Carson is on the extreme right in adhering to the U.S. Constitutions' Second Amendment. He doesn't just believe in the right to bear arms, Carson thinks law-abiding citizens shouldn't have to register.
The gun rights advocate, in March 2014, said Americans should prepare for martial law. He feared the United States would turn into a third-world country diminished by crippling debt and direct threats from Russia's Vladimir Putin.
"I truly believe in Second Amendment rights, I would never advocate anything to interfere with Second Amendment rights; however, I do think we have to be intelligent," Carson said.
He added, "We need to engage in a discussion about, 'Is there something we can do?'" Carson said before saying that "we have to keep in mind that law-abiding American citizens absolutely should have gun rights."
A year earlier, Carson said owning a semi-automatic weapon depended on whether the purchaser lived in a rural or populated area. He pointed to the Amendment's intent of protecting against government, but backpedaled when confronted with the obvious bias.
"What I was trying to get across is that the place where dangerous weapons are most likely to fall into the hands of crazies are crowded places.
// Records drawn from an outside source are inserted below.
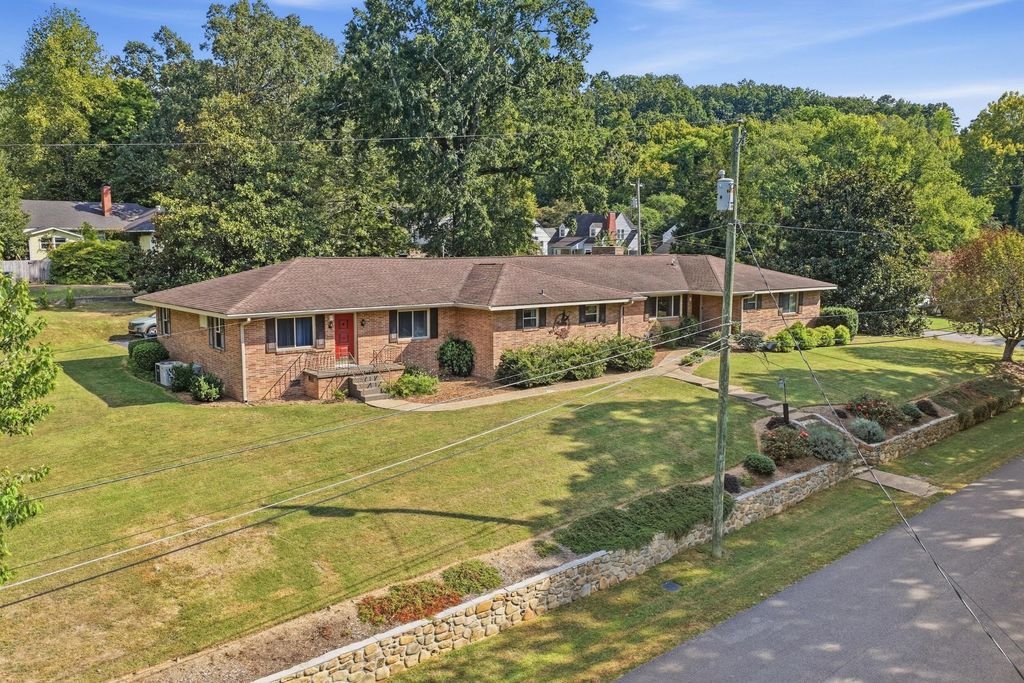 4200 Tacoma Avenue, Chattanooga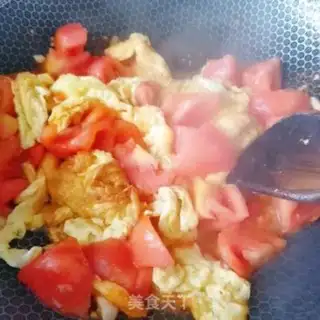 Make Tomato fried eggs step 7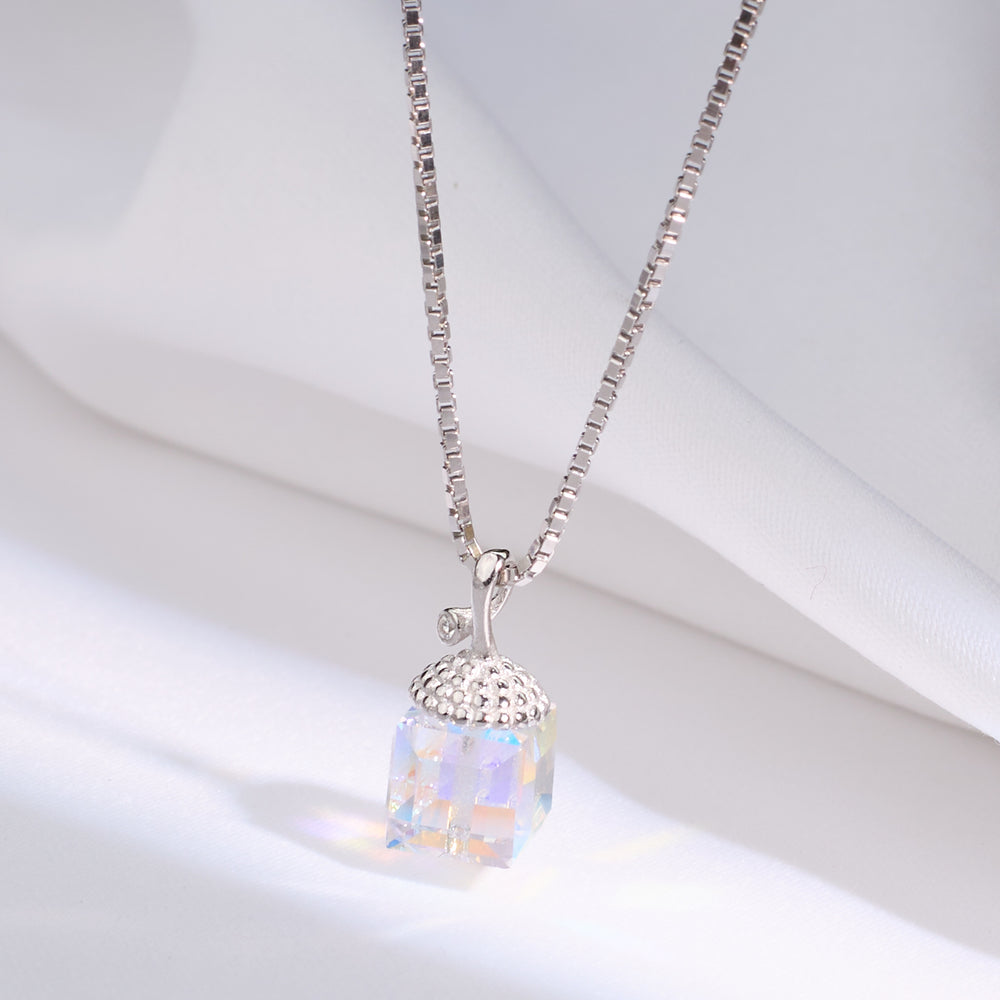Clear 925 silver crystal pendent for women.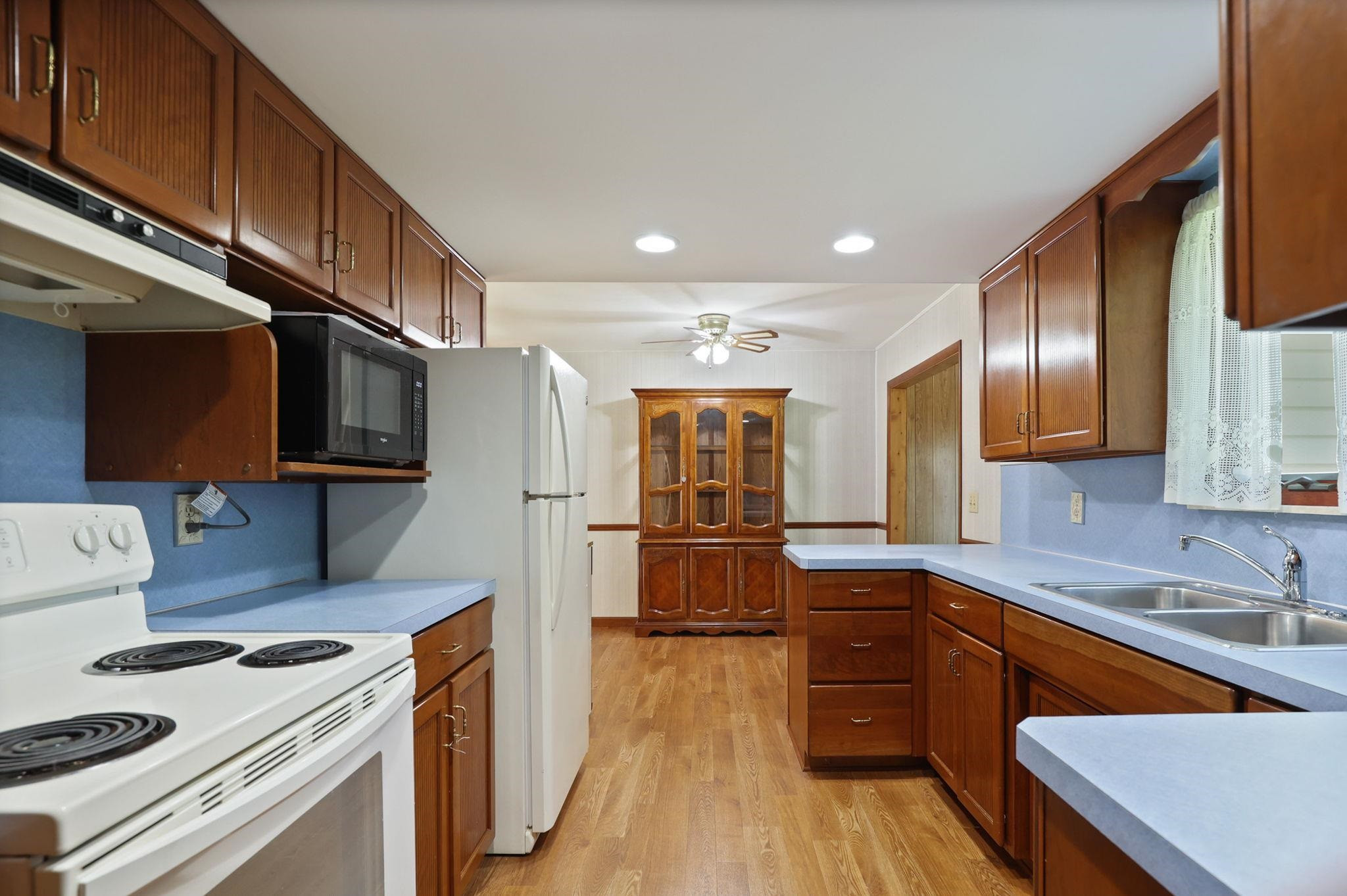 9941 Bender Road, Frankenmuth, MI 48734 — Photo 18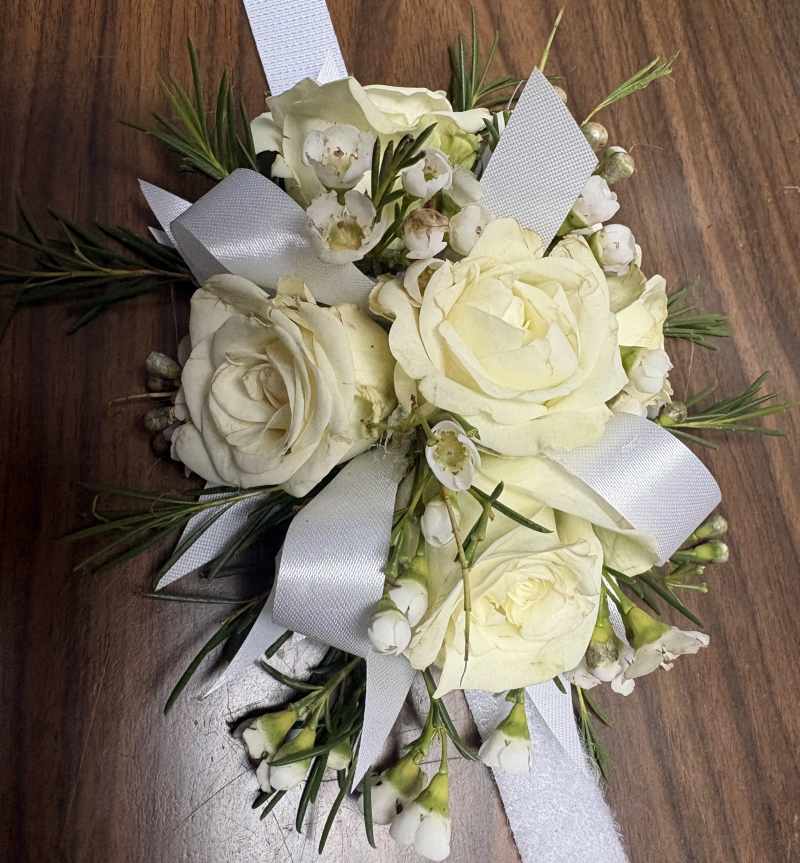 Wrist corsage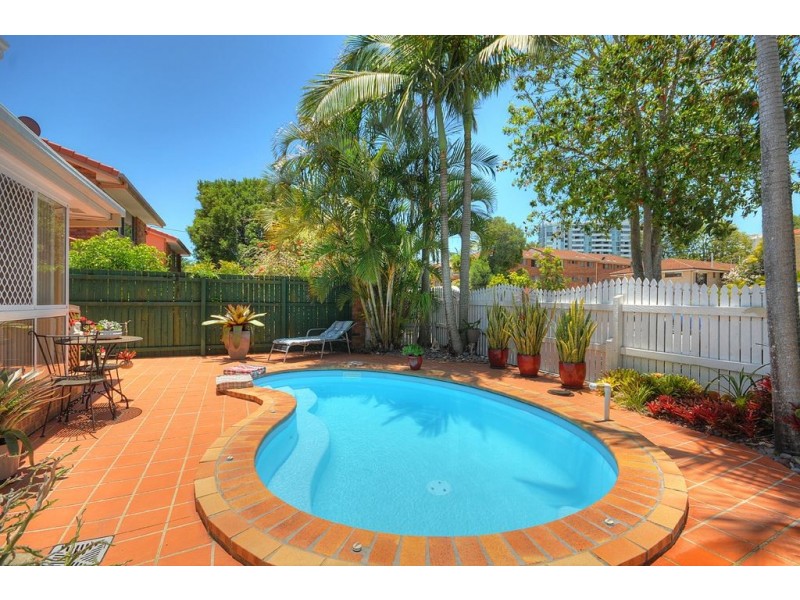 2/170 Muir Street, Labrador QLD 4215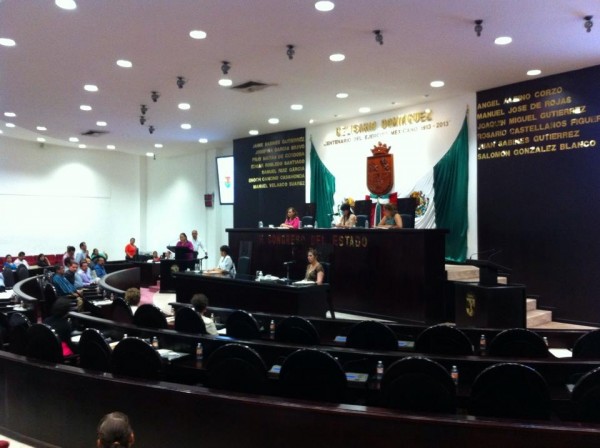 19 de los 35 diputados que iniciaron la sesión ordinaria de ayer, se retiraron del recinto. Foto: Sandra de los Santos/ Chiapas PARALELO. 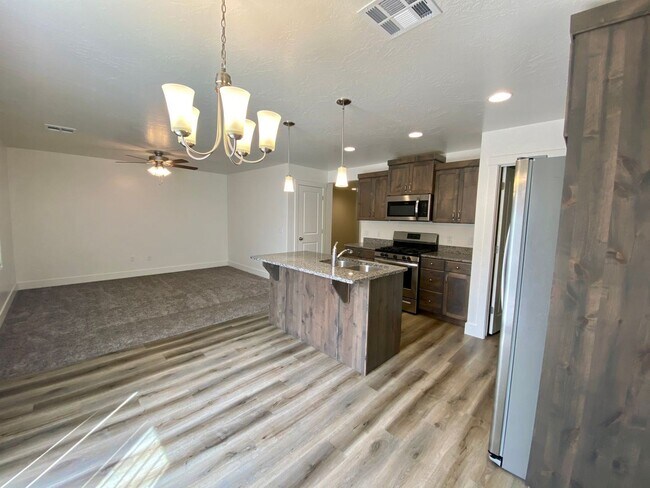 Building Photo - 4 br, 2.5 bath House - 5868 S Charger Loop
They are not likely to happen in some remote place. But in no way do I think we should restrict the rights, particularly the rights of law abiding citizens to have guns," Carson told Glenn Beck in a 2013 interview.
Carson doesn't believe gun control is the answer to mass shooting, including the June 19 massacre at a Charleston, South Carolina church. He said this was less about race and guns that whatever mental issues shooter Dylann Roof suffered.
"The heart of the matter is not guns," Carson told Fox News' Megyn Kelly. "The heart of the matter is heart, the heart and soul of people."